Ethiopia – Going thirsty in Afar
My first field visit to Afar started with preparation the night before when I made sure to put a 2litre water bottle in the freezer.
It was as if I thought I would be able to bare one of the hottest places on earth (sometimes reaching up to 50 degree Celsius!) if only I had some icy water.
But by time we reached Metehara, located merely 200 kms away from Addis Ababa, Ethiopia’s capital, the heat was getting so strong that we needed to open the windows and my water had already completely melted and turned lukewarm. So much for best laid plans…
As we continued towards our final destination, Seifu (my communications colleague) explained that the wide area that we were passing by used to be full of life; with zebras, ostriches and long grasses stretching as far as the eye can see.
In fact, during Emperor Haile Selassie’s time this used to be a park. But now there is nothing here but short dry shrubs, water-thirsty land and the occasional piece of livestock watched over by children.

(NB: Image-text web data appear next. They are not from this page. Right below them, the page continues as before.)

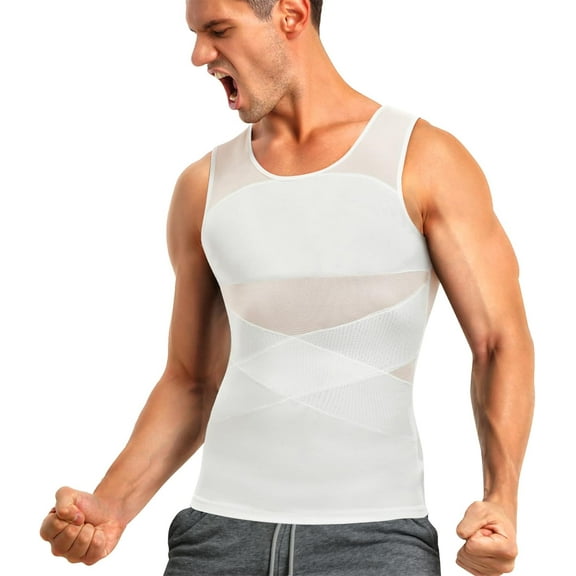 SMZ Men's Compression Shirt for Body Shaper Slimming Vest Tight Tummy Underwear Tank Top Shaper Ttank Men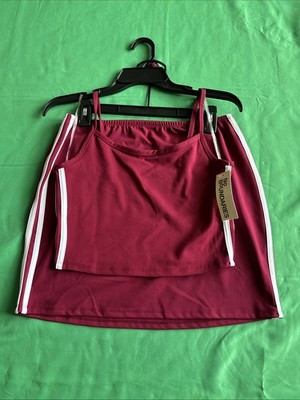 No Boundaries 2pc Skirt Set Burgandy NWT Burgandy With White Stripe Size Small
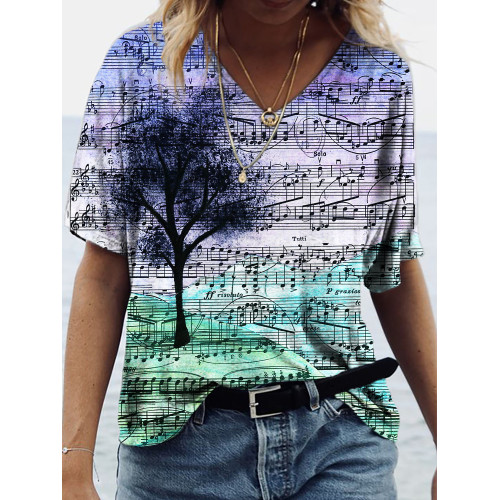 Sheet Music Landscape Art V Neck Comfy T Shirt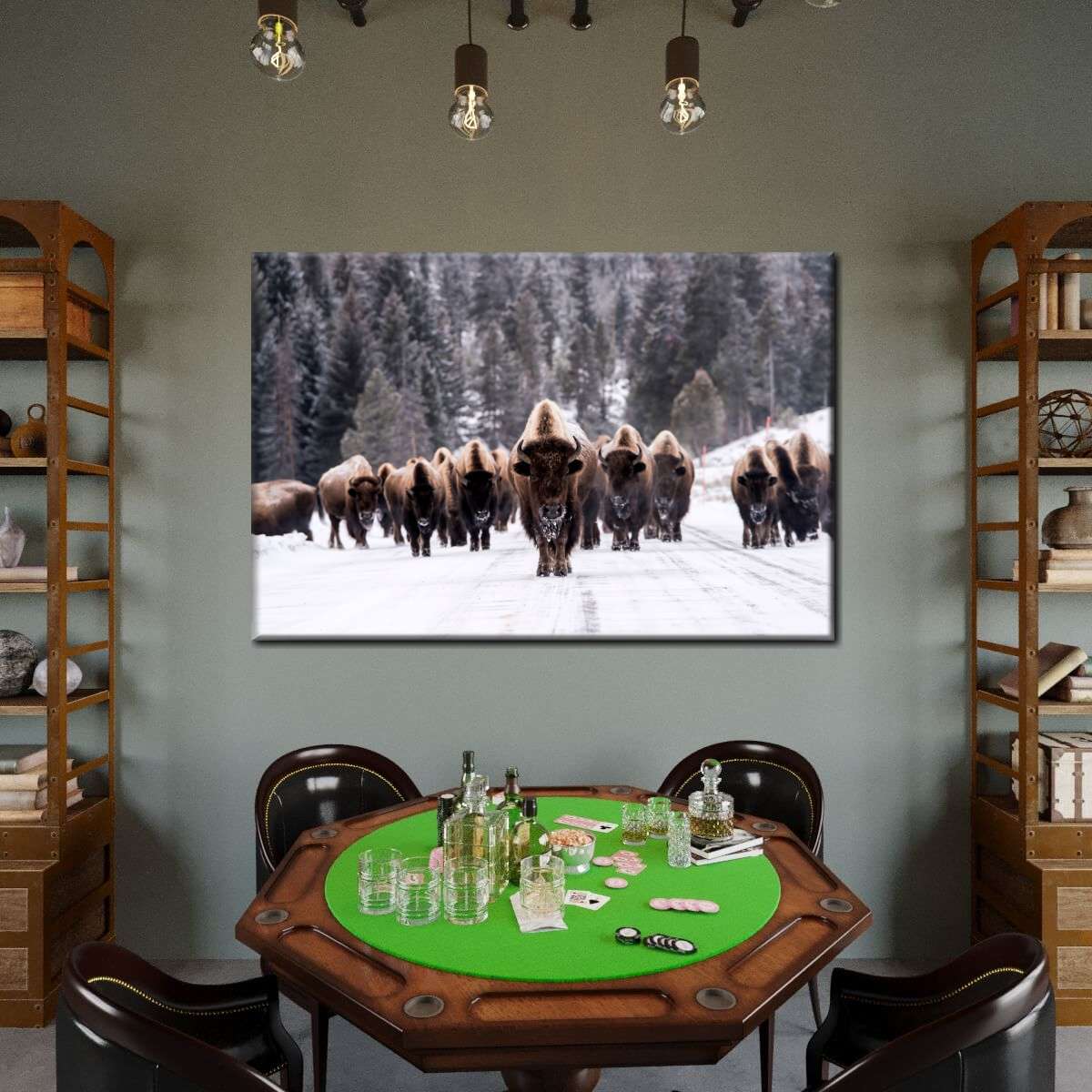 Bison Herd In Winter Wall Art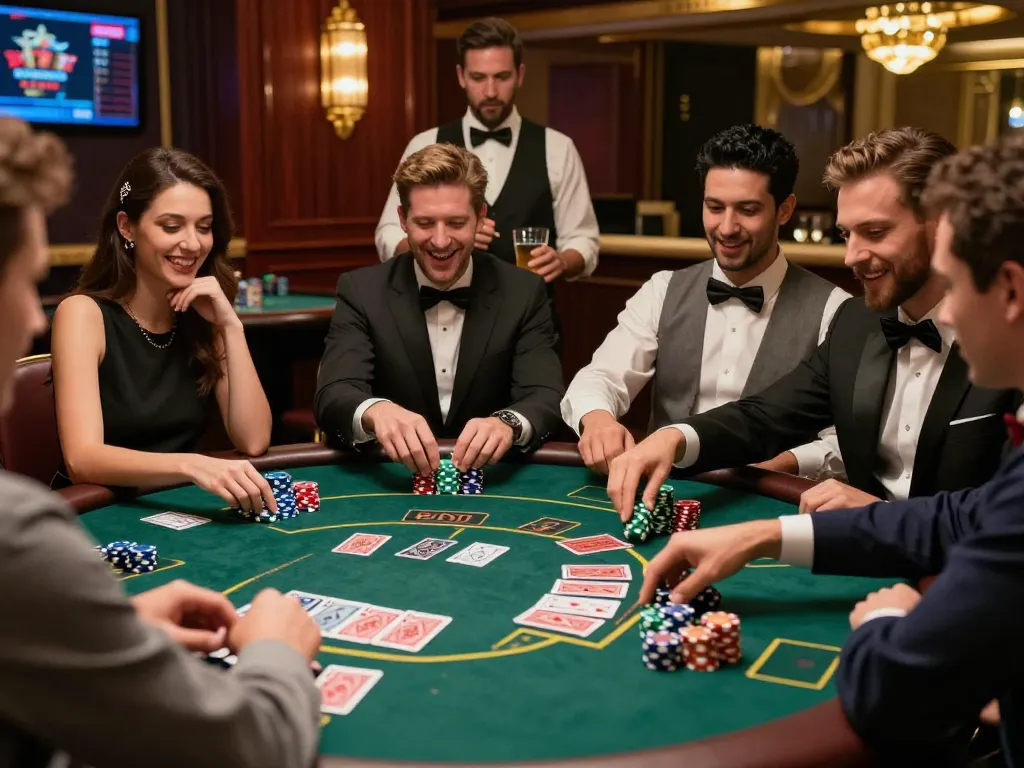 Players engage in a thrilling game of Blackjack at a casino table, showcasing the excitement of mega888 gaming.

As I wondered about global warming and its impact on Ethiopia, we passed by a group of women carrying yellow jerry-cans filled with water on their two donkeys; almost certainly making their long way home before nightfall. Most of the time these women leave their children at home or with neighbours.
The next morning, women carrying jerry-cans either on camels, donkeys or by themselves became an all too frequent sight.
Water at $1 a litre
Dechoto, a city flooded with empty plastic water bottles is indicative of the need for bottled water in Afar. These bottles sell for 13-15 birr (approximately USD $1) for 1litre. I don’t know how people can afford it.
It saddened me to see children on the side of the road asking for water. Carrying empty water bottles they plead with drivers and cars passing by to get some water to drink.
There is no doubting that doing so exposes them to high risks of car accidents as they run to pick up discarded bottles as cars and trucks pass by at high speed.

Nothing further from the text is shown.